Amigos, como Lincoln Ikeda e Rosangela Lima, moradores de Campinas e Sumaré, também correm juntos. ”Fizemos uma preparação específica para a São Silvestre – de três meses, mais ou menos”, disse ele, que participa de triatlos, mas nunca havia competido na São Silvestre. “Ela que conseguiu me arrastar até aqui, me sugeriu fazer essa corrida. Fiquei à disposição dela para treiná-la, então vim fazer a prova com ela.” Antes da largada, Rosangela acrescentou: “Meu amigo aqui é Ironman, já está acostumado. Será minha primeira corrida de 15 km”. Lincoln, disposto a acompanhá-la, disse não ligar tanto para desempenho: “Nossa maior intenção é curtir a prova, conhecendo melhor a cidade de São Paulo de uma forma saudável”.
Lincoln considerou “excelente” a participação da dupla de amigos: “Conseguimos atingir nossos objetivos: terminamos a prova sem caminhar e com o tempo aproximado de 1h40min”. Ele ainda relatou: “Como a largada é bastante ‘congestionada’, saímos numa boa e administrando o ritmo o tempo todo para ela não sair daquilo que tínhamos combinado. Fizemos a hidratação em todos os pontos e, na subida da Brigadeiro, aumentamos um pouco o ritmo, pois ela [Rosangela] estava se sentindo bem e puxei um pouco mais”.

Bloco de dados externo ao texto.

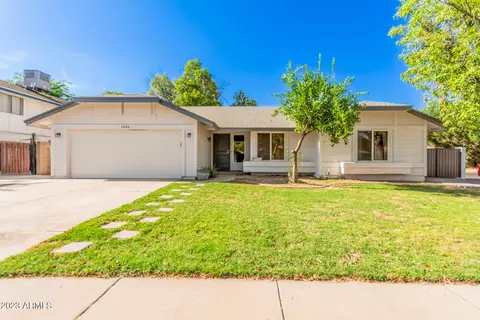 1646 W Manor St, Chandler, AZ 85224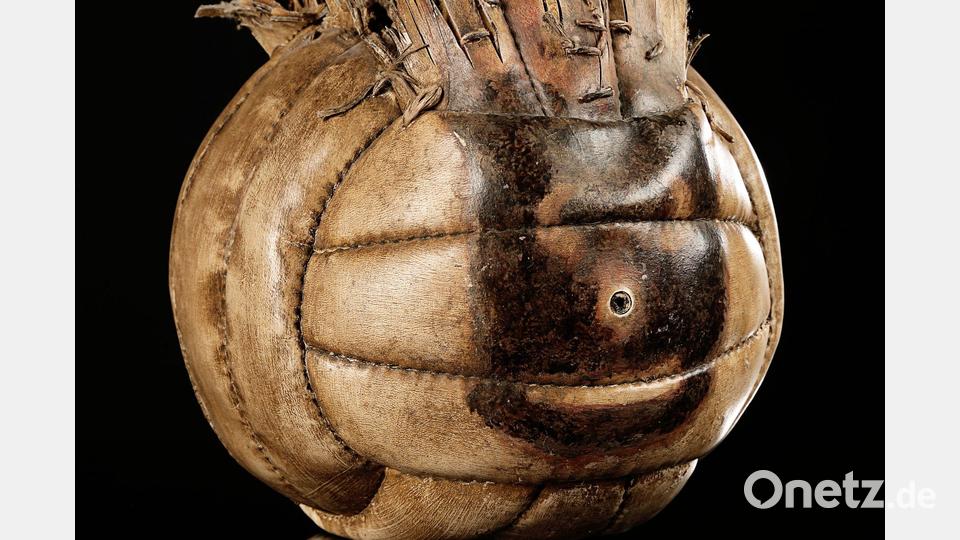 Der bekannteste Volleyball der Welt? Wilson aus dem Film „Cast Away“. (Archivbild) Bild: Prop Store/Propstore.Com/dpa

Houve marido que não acompanhou a esposa durante a prova, mas fez companhia a ela antes e depois da largada. Esse é o caso de Rodolfo Valente, gerente de RH, e Ana Lúcia Tavela, farmacêutica, de São Paulo: “Meu papel é o apoio moral em todas as corridas”, afirmou ele. “Em algumas, levá-la; em outras, tentando correr [até 10 km, por enquanto]. Mas sempre eu ficava para trás, porque ela sempre correu mais do que eu”.
Assim como os outros corredores amadores mencionados nesta reportagem, Ana participou da São Silvestre pela primeira vez. Para se preparar, fez ao longo do ano diversas provas de 10 km e uma de 15 km. Ela se disse muito impressionada com o clima gentil da São Silvestre. “Percebi como o brasileiro é um povo animado, engraçado, que gosta de participar das coisas”, relatou. “As pessoas se ajudam e, quando trombam com você, pedem desculpa.”
Embora tenha considerado o evento bem organizado, fez um comentário: “O primeiro ponto de hidratação era um pouco longe da largada [no km 4,3]”. Observou pessoas caminhando – e em grupos, no meio da rua – logo nos três primeiros quilômetros, o que apontou como dificuldade para quem vem de trás.
Ana foi incentivada por desconhecidos ao longo da prova: “Na Brigadeiro [Luís Antônio] precisei caminhar, mas, quando você começa a caminhar, ainda mais lá, o pessoal motiva você, quem está correndo bate nas suas costas e diz: ‘Vamos lá’. Foi bem gostoso”. Mas espera ter a companhia do marido em 2014: “Vou incentivá-lo durante o ano para ele ir comigo. O percurso da prova é bacana, porque você passa por vários pontos turísticos, e é legal você ter alguém com quem dividir isso”.
Quenianos dominam
Edwin Rotich conquistou o bicampeonato da São Silvestre. Os três primeiros lugares do pódio foram ocupados também por quenianos, Mark Korir e Stanley Koech. O melhor brasileiro foi Giovani dos Santos, o quarto colocado. No feminino, houve vitória queniana também, de Nancy Kipron. A brasileira mais bem classificada – e melhor não africana – foi Sueli Pereira da Silva, a sexta colocada. Estavam inscritos 27,5 mil participantes, e alguns deles passaram pelos primeiros sensores de cronometragem após mais de meia hora da autorização da largada.